その作風は今なお古臭さを感じさせず、繊細に描かれた人の心の機微や人情に、思わず笑わされたり、胸を打たれたりする魅力に溢れています。

<あらすじ>

次永喜兵衛は家名を次ぎ、江戸から国許にやってきて九十余日。婚約者にも家にも不満はない。

しかし、家を提供してくれた繁野兵庫は、とにかく口やかましかった。

温厚だという周囲の評価とは反対に、子どもを叱るように小言をいい、怒鳴りつけ、些細な過ちも見逃さなかった。

喜兵衛は雪ノ井という小料理屋で従兄弟の金之助にたまりにたまった不満を吐きだした。
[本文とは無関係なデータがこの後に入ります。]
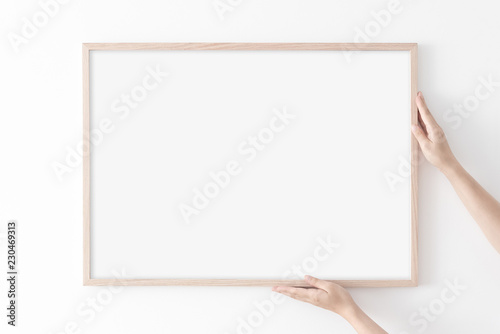 Landscape large 50x70, 20x28, a3,a4, Wooden frame mockup on white wall.  Poster mockup. Clean, modern, minimal frame. Empty fra.me Indoor interior,  show text or product Stock Photo | Adobe Stock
金之助は子供のいない兵庫が喜兵衛のことを自分の子のように思っているからではないかという。

金之助が帰った後、喜兵衛は女中のおかやから、兵庫の息子の義十郎のことを話した。兵庫は年を取ってから授かった息子可愛さに義十郎を甘やかしてしまい、遂には勘当せねばならないほどの放蕩息子に育ってしまったのだという。それを聞いた喜兵衛は兵庫の心情に少し同情的な思いになる。

その十日ほどのちの夜のこと、喜兵衛のもとに義十郎を名乗る男が現れるのだが......。

山本周五郎(やまもと・しゅうごろう)

1903~67年。小説家。山梨の生まれ。本名・清水三十六(さとむ)。名は生まれ年からつけられ、筆名は東京で徒弟として住み込んだ質屋「山本周五郎商店」にちなんだ。20代前半に作家活動を始め、39歳の時『日本婦道記』が直木賞に推されたが受賞辞退。その後も多くの賞を固辞する。江戸の庶民を描いた人情ものから歴史長編まで作品は数多い。代表作には、「樅(もみ)ノ木は残った」「赤ひげ診療譚」「おさん」「青べか物語」「さぶ」などがある。1987年9月には、「山本周五郎賞」が新潮文芸振興会により設定された。